• **What this task involves**
Every line of the data below should be repeated exactly, and no picture should be copied.

(Short web captions)
Segment Open

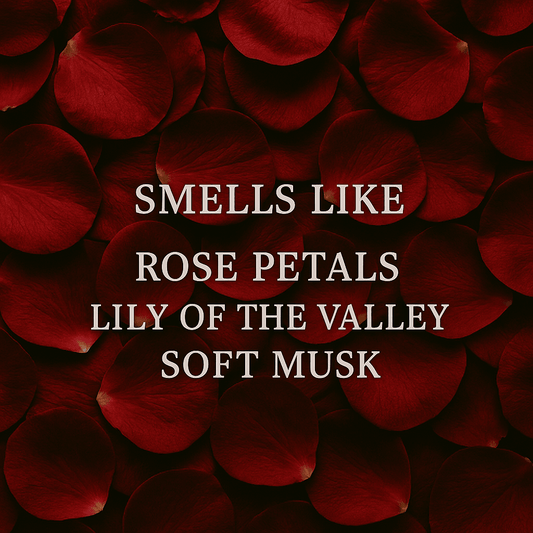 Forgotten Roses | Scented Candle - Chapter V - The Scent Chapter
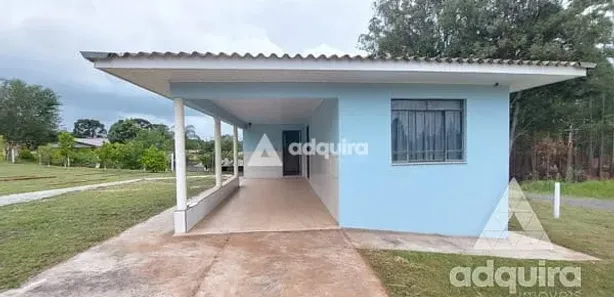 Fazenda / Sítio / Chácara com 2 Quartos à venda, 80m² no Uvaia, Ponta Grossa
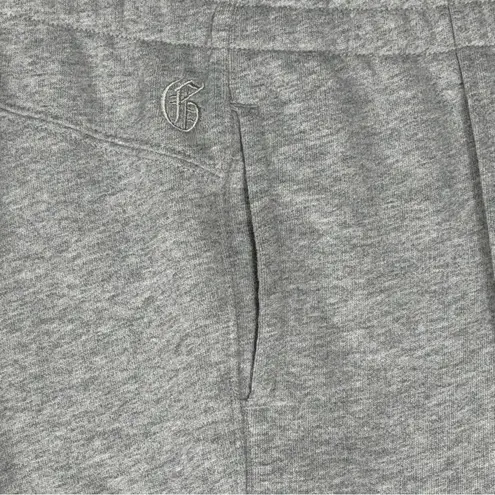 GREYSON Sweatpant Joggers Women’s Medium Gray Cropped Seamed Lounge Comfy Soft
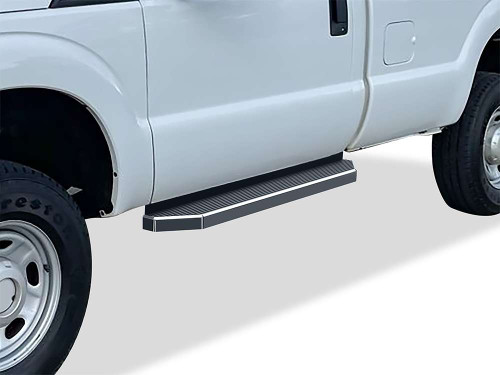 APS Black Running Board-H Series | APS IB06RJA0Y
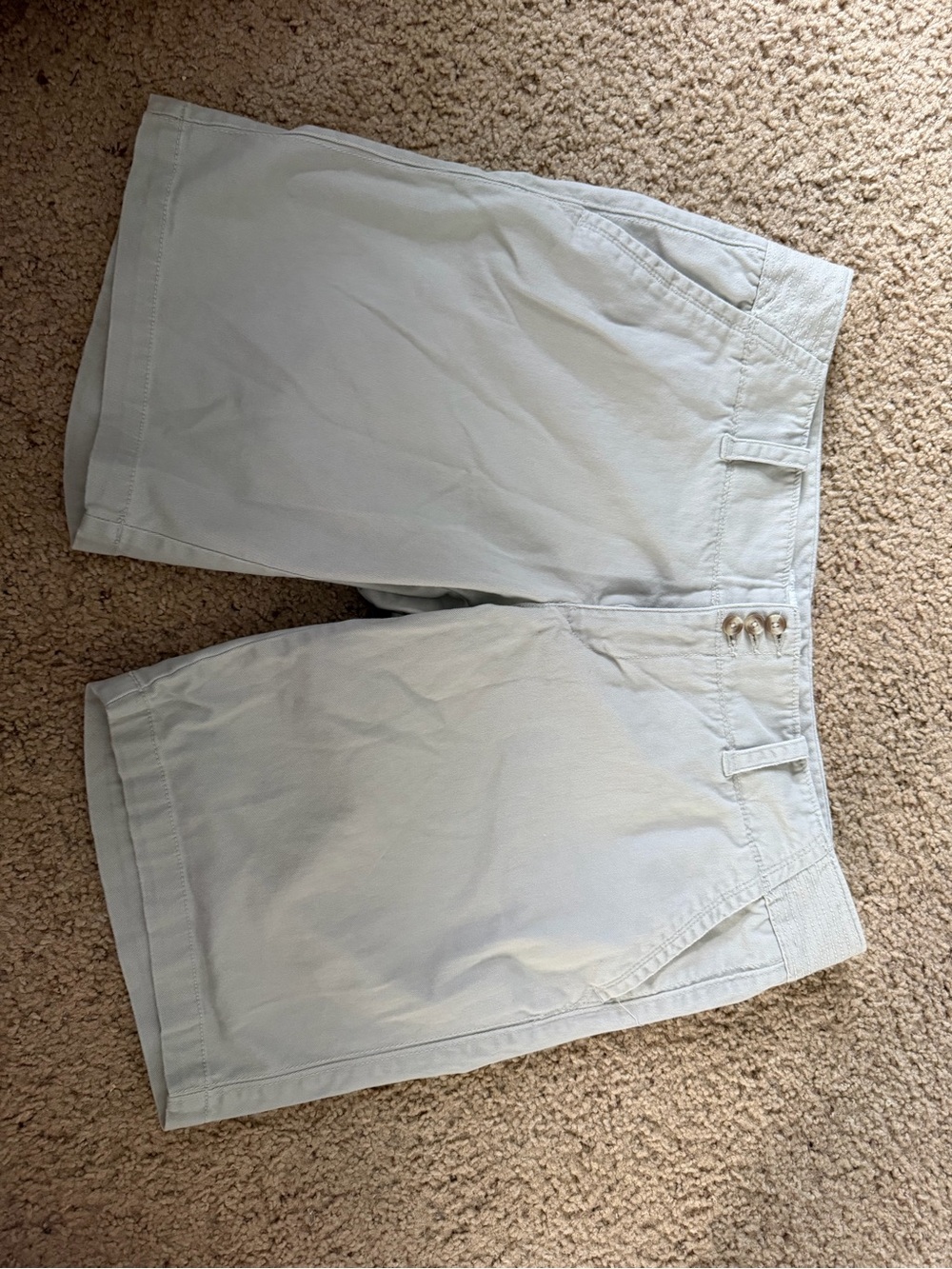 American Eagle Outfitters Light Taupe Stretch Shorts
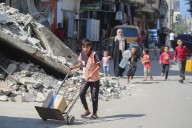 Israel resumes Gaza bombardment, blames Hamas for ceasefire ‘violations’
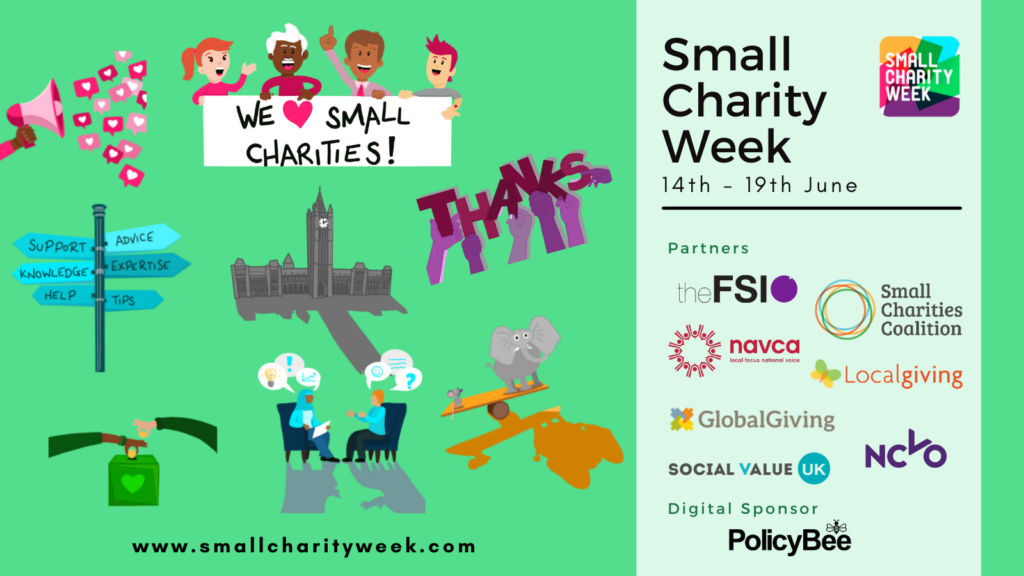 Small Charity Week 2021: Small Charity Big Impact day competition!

Segment Closed

• **Solution for this task**
 Forgotten Roses | Scented Candle - Chapter V - The Scent Chapter
 Fazenda / Sítio / Chácara com 2 Quartos à venda, 80m² no Uvaia, Ponta Grossa
 GREYSON Sweatpant Joggers Women’s Medium Gray Cropped Seamed Lounge Comfy Soft
 APS Black Running Board-H Series | APS IB06RJA0Y
 American Eagle Outfitters Light Taupe Stretch Shorts
 Israel resumes Gaza bombardment, blames Hamas for ceasefire ‘violations’
 Small Charity Week 2021: Small Charity Big Impact day competition!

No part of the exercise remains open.